_To do_
Look through the entries below and show every line containing the word "task".

○ ○ ○

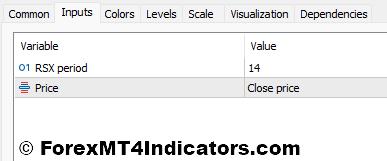 Corrected RSX Indicator Settings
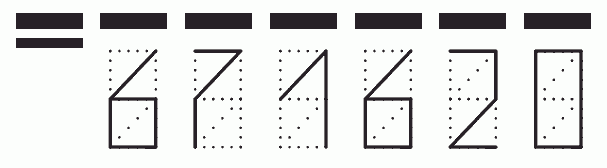 Пример заполнения индекса 671620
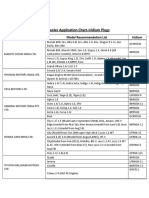 4 - Wheeler Application Chart-Iridium Plugs: Company Model Recommendation List Iridium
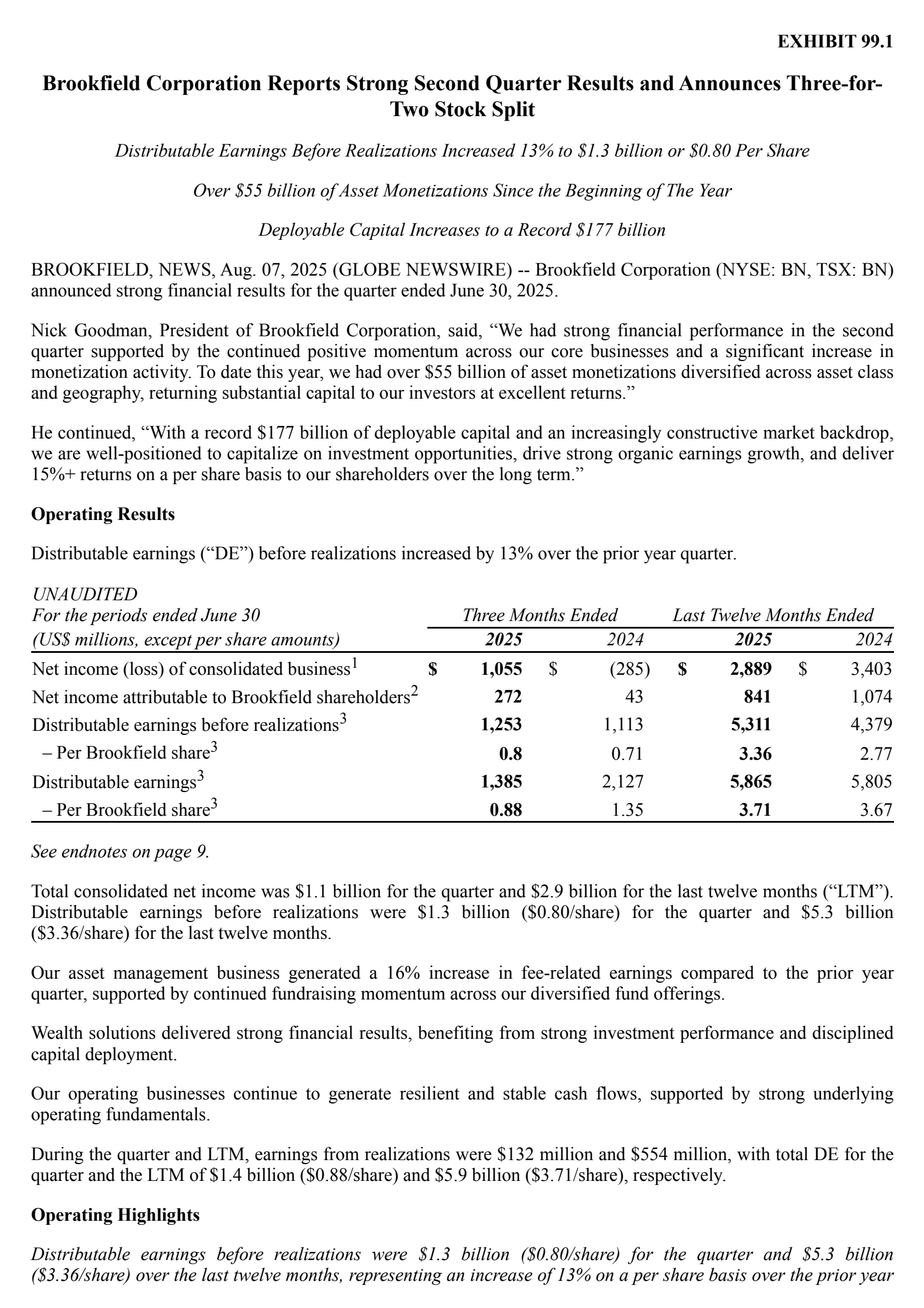 Brookfield's Q2 2025 Press Release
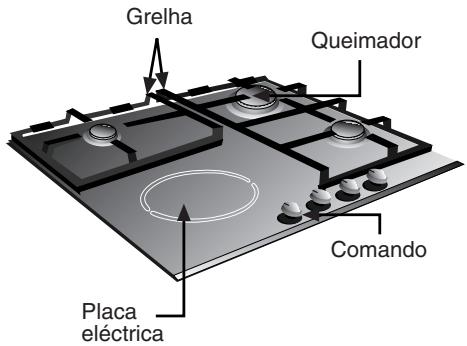SIEMENS 3422100840 - Assim aparena-se a sua plac de fogão: - 5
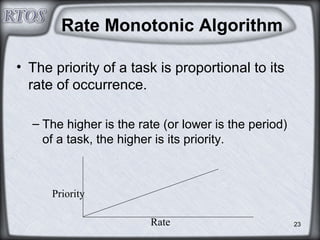 23
Rate Monotonic Algorithm
• The priority of a task is proportional to its
rate of occurrence.
– The higher is the rate (or lower is the period)
of a task, the higher is its priority.
Rate
Priority
 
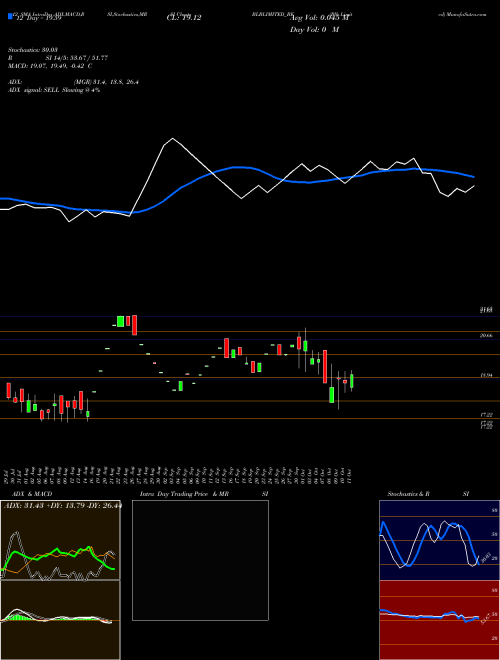 Chart Blb (BLBLIMITED_BE)  Technical (Analysis) Reports Blb [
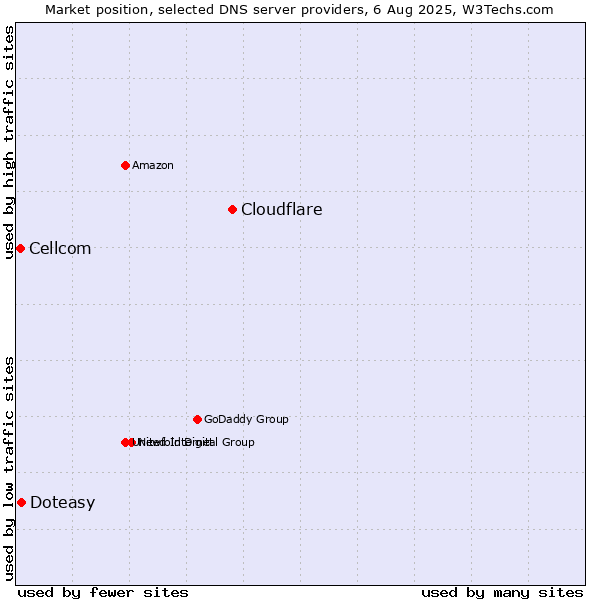 Market position of Cloudflare vs. Doteasy vs. Cellcom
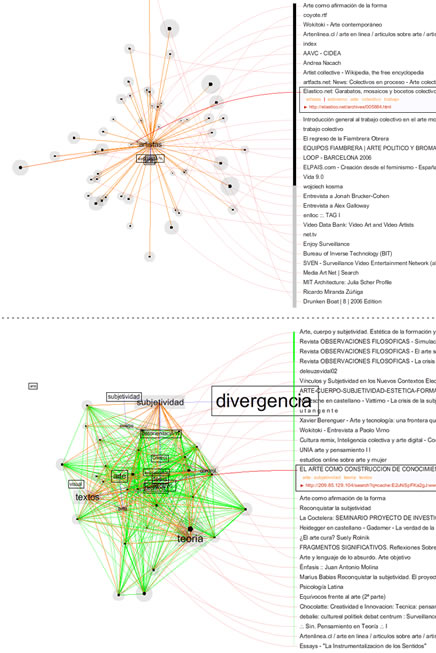 6pli.delicious.tagging.visualization.tool.demo.screenshot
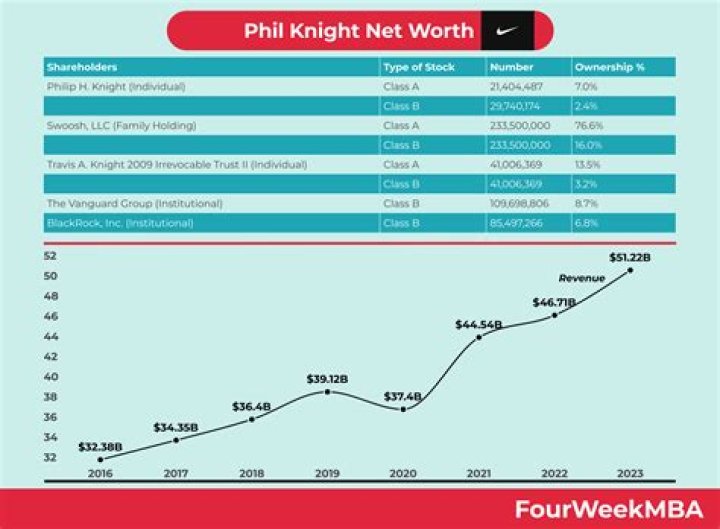 Jonathan Knight Net Worth - Pulptastic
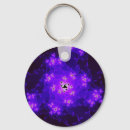 Recherche de la fractale porteclés Violet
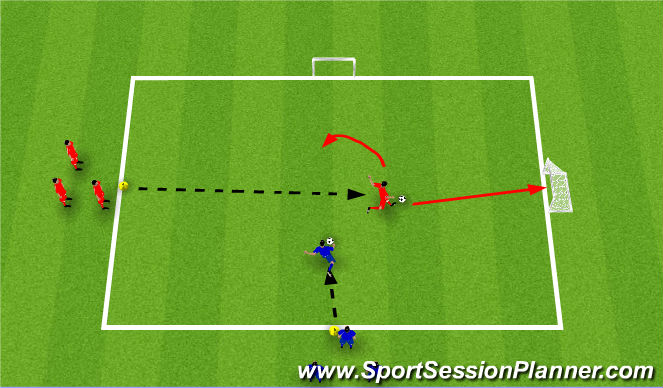 Football/Soccer Session Plan Drill (Colour): Barcelona Shooting Drill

○ ○ ○

_Answer to this problem_
• The priority of a task is proportional to its
of a task, the higher is its priority.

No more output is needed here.